4.       Notes that Council officers will continue to work collaboratively with the Department of Planning Industry & Environment post exhibition to refine the Wilton Town Centre Precinct as further planning occurs to ensure the best possible outcomes for the Wilton Growth Area.

 

Report

The Town Centre precinct of the Wilton Growth area sits at the junction of the Hume Highway and Picton Road, in the general vicinity of the existing skydiving centre. It will be the third precinct within the Growth Area to be rezoned under the State Environmental Planning Policy (Sydney Region Growth Centres) 2006 (Growth Centres SEPP) following the rezoning of the South East Wilton and the North Wilton Precincts in 2018.

On 6 November 2020, the NSW Department of Planning & Environment (DPIE) released the Wilton Town Centre Precinct Rezoning Package for public comment. The public exhibition included the following documents:

·        Discussion Paper

·        Draft Precinct Structure Plan

·        Draft Growth Centre SEPP maps

·        Additional draft part to the draft Wilton Development Control Plan:

o   DCP – Draft Schedule 3

o   DCP – Draft Part 6 Employment

o   DCP – Draft Part 7 Wilton Town Centre

·        Numerous technical documents, which were previously exhibited.

A State VPA was not exhibited with the rezoning package. The submission includes a request for DPIE to commit to making the Wilton SIC and provide adequate opportunity for Council and the community to provide input into the state VPA prior to the rezoning being finalised.

Of note, an Infrastructure Phasing Plan brochure was published by DPIE in November 2020, the document does not form part of the exhibition but is timely in its alignment with the exhibition of the Wilton Town Centre Precinct.

Approach to submission

The Growth Team led and coordinated the submission.

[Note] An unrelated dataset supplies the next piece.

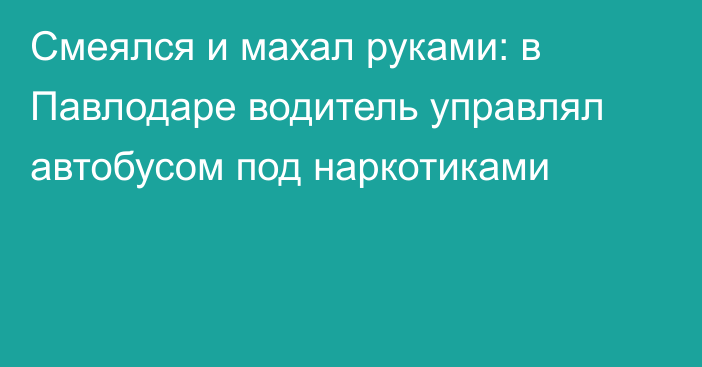 Смеялся и махал руками: в Павлодаре водитель управлял автобусом под наркотиками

In doing so, the Growth Team ran five target workshops and sought comment from the following areas of Council:

·        Wilton Internal Working Group

·        Sustainable Growth

·        Development Contributions

·        Development Assessment

·        Infrastructure and Engineering

·        Tourism & Business Investment

·        Environmental Outcomes and Open Space.

Feedback and comments were then consolidated into a submission with detailed comments on the Development Control Plan included in the form of a spreadsheet focussing on solutions or desired outcomes.

The submission included key advocacy points as per Council’s previous resolution of October 2020 on the accelerated delivery of key infrastructure such as health facilities, education and transport upgrades.

Council staff recognises the efforts of DPIE and provides support for the following aspects:

·        The vision with Wilton as the key Strategic Centre providing opportunity for access to a wider variety of services for residents of the Shire.

·        The aims of the planning approach focused on achieving flexibility, infrastructure, high quality public spaces, and safe roads with end of trip facilities that support walking and cycling.

·        The changes that have been identified to the North Wilton Precinct Structure Plan required to facilitate alignment with the town centre and its final form.

·        The preservation of Maldon-Dombarton rail corridor for future planning.

·        The recognition of the need for stronger controls and design to safeguard water quality of Byrnes Creek. Although Council does recommended that DPIE incorporate this matter form one of the objectives in the SEPP for the town centre precinct.

·        The inclusion of health and wellbeing outcomes and the inclusion of the Wilton Health and Wellbeing Strategy.

Statutory Documents

The proposed rezoning will utilise the same approach as the North Wilton and South East Wilton precincts with three primary zones, Urban Development, Environmental Conservation and Special Infrastructure, supported by a Precinct Structure Plan. Some of the following areas have been noted as requiring further work and consideration:

·        Dwelling density distribution

·        Refinement of transport and infrastructure

·        Further consultation with the NSW Rural Fire Services

·        Biodiversity and the Cumberland Plain Conservation Plan

·        Key interface areas, including between the town centre core and environmental land

For further detail please see the complete submission in Attachment 1.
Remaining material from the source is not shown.